## Task prompt
Please return all lines of the data below containing the string "White".

★ ★ ★

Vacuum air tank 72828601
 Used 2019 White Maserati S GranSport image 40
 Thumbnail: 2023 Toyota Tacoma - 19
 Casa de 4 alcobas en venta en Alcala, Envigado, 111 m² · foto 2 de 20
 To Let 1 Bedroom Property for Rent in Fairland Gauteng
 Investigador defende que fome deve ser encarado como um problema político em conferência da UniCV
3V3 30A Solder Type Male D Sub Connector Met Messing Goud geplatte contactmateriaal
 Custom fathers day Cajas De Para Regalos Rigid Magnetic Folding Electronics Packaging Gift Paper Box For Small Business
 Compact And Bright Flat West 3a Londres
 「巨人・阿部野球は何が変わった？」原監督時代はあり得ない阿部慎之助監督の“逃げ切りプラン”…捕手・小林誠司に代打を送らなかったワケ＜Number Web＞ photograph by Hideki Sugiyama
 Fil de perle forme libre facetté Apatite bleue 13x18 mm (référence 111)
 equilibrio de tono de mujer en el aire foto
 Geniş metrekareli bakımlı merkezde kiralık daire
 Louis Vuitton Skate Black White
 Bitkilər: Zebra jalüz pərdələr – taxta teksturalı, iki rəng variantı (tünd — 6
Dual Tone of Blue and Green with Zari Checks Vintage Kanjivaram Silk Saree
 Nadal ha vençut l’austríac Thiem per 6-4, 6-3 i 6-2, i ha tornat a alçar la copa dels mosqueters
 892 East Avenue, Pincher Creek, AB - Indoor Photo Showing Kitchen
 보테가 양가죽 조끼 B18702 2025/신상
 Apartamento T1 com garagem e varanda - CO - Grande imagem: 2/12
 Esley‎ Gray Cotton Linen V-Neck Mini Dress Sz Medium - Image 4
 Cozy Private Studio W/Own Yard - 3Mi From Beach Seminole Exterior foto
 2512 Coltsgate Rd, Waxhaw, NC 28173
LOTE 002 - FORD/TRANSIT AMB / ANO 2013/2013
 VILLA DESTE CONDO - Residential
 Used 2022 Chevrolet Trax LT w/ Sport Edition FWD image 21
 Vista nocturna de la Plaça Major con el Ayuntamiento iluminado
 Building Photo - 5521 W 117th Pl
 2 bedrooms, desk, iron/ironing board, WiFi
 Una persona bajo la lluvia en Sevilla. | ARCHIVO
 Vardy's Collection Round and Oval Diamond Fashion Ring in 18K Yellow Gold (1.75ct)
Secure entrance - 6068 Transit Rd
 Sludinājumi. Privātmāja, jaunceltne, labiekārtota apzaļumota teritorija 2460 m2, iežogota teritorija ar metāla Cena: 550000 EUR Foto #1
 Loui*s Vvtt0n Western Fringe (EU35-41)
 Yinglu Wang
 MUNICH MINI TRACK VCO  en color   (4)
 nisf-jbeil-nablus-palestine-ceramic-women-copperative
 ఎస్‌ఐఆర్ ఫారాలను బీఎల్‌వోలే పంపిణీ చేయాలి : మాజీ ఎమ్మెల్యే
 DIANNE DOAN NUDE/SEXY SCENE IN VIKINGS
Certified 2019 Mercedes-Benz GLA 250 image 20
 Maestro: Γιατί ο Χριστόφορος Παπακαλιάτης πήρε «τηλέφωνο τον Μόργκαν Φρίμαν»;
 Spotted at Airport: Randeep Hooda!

★ ★ ★

## Output for this exercise
 Used 2019 White Maserati S GranSport image 40
 Louis Vuitton Skate Black White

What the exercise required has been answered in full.